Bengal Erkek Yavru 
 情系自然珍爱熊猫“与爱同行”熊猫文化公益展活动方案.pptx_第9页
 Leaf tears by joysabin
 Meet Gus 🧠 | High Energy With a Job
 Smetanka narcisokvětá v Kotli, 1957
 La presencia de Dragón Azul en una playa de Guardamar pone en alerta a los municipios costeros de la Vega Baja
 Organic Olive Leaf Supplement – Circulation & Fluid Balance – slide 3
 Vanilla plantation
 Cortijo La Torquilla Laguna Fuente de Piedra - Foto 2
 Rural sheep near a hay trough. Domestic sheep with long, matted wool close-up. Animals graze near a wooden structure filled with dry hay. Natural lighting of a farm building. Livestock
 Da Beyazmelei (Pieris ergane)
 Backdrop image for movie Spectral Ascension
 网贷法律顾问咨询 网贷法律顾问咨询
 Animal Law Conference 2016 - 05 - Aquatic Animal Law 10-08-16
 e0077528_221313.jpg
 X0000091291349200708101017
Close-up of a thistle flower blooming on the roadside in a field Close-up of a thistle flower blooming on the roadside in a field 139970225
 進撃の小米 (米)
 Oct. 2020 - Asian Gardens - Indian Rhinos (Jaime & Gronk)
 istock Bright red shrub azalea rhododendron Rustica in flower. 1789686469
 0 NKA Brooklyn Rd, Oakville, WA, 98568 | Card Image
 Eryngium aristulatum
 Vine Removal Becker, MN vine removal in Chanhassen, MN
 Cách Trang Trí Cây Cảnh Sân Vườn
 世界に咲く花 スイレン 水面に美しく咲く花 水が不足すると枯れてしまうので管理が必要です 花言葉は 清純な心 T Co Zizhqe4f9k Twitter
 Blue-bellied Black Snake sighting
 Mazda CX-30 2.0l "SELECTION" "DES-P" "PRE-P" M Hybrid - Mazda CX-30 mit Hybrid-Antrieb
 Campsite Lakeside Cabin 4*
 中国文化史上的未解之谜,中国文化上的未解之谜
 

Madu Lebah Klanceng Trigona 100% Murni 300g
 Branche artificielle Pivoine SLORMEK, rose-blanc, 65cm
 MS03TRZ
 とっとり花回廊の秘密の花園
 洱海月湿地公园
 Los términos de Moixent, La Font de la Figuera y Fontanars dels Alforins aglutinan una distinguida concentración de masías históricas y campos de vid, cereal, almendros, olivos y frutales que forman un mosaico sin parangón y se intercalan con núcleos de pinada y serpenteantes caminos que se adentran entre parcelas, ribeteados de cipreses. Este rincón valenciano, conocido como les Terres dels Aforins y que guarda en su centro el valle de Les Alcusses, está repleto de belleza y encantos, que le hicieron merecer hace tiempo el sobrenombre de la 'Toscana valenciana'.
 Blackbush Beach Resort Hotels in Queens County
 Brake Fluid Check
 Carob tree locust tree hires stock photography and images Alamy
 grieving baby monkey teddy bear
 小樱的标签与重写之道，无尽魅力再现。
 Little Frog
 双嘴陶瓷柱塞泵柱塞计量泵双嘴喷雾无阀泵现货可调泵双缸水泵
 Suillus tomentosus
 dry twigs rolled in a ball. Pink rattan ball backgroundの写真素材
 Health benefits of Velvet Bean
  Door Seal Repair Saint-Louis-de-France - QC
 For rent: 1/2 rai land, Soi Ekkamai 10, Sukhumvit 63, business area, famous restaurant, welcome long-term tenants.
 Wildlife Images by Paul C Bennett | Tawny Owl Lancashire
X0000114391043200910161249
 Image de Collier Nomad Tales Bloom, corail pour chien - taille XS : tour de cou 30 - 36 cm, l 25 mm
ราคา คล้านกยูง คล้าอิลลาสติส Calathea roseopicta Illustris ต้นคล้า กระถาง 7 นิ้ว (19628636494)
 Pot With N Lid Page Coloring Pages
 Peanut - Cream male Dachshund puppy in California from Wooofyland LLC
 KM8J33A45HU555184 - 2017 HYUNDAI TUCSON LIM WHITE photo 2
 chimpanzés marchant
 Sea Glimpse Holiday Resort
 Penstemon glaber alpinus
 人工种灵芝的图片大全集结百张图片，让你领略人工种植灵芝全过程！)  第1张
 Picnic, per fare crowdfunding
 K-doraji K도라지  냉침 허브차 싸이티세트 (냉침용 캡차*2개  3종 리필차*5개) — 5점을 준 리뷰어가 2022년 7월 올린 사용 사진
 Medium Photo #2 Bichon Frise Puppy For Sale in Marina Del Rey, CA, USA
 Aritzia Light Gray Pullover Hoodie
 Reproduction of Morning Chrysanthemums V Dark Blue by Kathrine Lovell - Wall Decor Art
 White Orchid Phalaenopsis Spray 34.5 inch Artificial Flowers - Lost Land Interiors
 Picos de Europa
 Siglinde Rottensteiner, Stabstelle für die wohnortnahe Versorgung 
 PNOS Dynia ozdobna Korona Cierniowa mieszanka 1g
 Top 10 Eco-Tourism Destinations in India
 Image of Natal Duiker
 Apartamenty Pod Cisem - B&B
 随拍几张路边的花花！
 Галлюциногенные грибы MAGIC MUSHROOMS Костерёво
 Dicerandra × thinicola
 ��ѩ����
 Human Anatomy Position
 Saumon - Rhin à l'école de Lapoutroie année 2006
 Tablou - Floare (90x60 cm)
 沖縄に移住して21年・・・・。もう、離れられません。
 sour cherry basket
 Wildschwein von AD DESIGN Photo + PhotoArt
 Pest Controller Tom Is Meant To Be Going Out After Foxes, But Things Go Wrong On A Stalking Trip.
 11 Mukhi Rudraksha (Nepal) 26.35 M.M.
····················
TASK STATEMENT: Give back the records above exactly, limited to the lines between the one holding "Blue-bellied Black Snake sighting" and the one holding "Little Frog", inclusive.

REPLY:
 Blue-bellied Black Snake sighting
 Mazda CX-30 2.0l "SELECTION" "DES-P" "PRE-P" M Hybrid - Mazda CX-30 mit Hybrid-Antrieb
 Campsite Lakeside Cabin 4*
 中国文化史上的未解之谜,中国文化上的未解之谜
 

Madu Lebah Klanceng Trigona 100% Murni 300g
 Branche artificielle Pivoine SLORMEK, rose-blanc, 65cm
 MS03TRZ
 とっとり花回廊の秘密の花園
 洱海月湿地公园
 Los términos de Moixent, La Font de la Figuera y Fontanars dels Alforins aglutinan una distinguida concentración de masías históricas y campos de vid, cereal, almendros, olivos y frutales que forman un mosaico sin parangón y se intercalan con núcleos de pinada y serpenteantes caminos que se adentran entre parcelas, ribeteados de cipreses. Este rincón valenciano, conocido como les Terres dels Aforins y que guarda en su centro el valle de Les Alcusses, está repleto de belleza y encantos, que le hicieron merecer hace tiempo el sobrenombre de la 'Toscana valenciana'.
 Blackbush Beach Resort Hotels in Queens County
 Brake Fluid Check
 Carob tree locust tree hires stock photography and images Alamy
 grieving baby monkey teddy bear
 小樱的标签与重写之道，无尽魅力再现。
 Little Frog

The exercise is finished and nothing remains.